Wells Fargo provided an ABL facility and Pathlight Capital provided a FILO facility for a total of $1.5 billion in financing for JCPenney after the company sold its retail and operating assets to Simon Property Group and Brookfield Asset Management to exit Chapter 11.
JCPenney’s asset purchase agreement with Simon, Brookfield and the company’s DIP and first lien lenders, supported by the unsecured creditors committee, had previously been approved by the U.S. Bankruptcy Court for the Southern District of Texas.
“We are pleased to lead such an important financing for this iconic American retailer to not only support our long-term client through their reorganization, but also provide Simon Property Group and Brookfield Asset Management the financial flexibility they need as they transition JCPenney into its next phase,” David Marks, head of Wells Fargo Commercial Capital, said.
“Pathlight is pleased to support JCPenney through their emergence and future growth,” Dan Platt, CEO at Pathlight Capital, said. “We are looking forward to working with the management team and new equity partners as they continue to implement their transformation strategy and focus on enhancing the shopping experience of their loyal customer base.”
“Today is an exciting day for our company, as we have accomplished our goal of putting JCPenney on a secure path for the future as a private company so that we can continue to serve our loyal customers,” Jill Soltau, CEO of JCPenney, said. “With this closing, our operating company has exited Chapter 11 and is continuing under new ownership and the JCPenney banner.

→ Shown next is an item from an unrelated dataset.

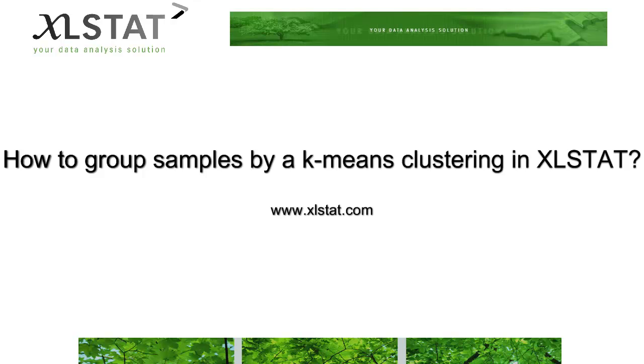Welcome to this XLSTAT short video on how to group samples using K-means clustering in XLSTAT.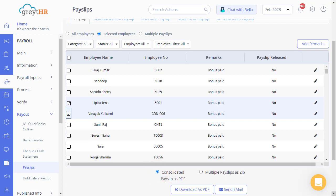Click Save. Let's download the payslip in a single document, or else use the multiple payslip as zip option. Let's download the payslip by clicking here.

This milestone would not be possible without the commitment and hard work of our associates and the support of our vendor partners. Throughout the 2020 holiday season and beyond, we remain focused on implementing our plan for renewal to offer compelling merchandise, drive traffic, deliver an engaging experience, fuel growth and build a results-minded culture.”
“We have always been firm believers in JCPenney and are very pleased to help preserve this iconic institution and save tens of thousands of jobs,” David Simon, chairman, CEO and president of Simon Property Group, said. “JCPenney is now poised for a future focused on innovation and consumers while continuing to navigate through the pandemic. We are excited about JCPenney’s future growth and look forward to collaborating with the JCPenney team to serve its customers and communities.”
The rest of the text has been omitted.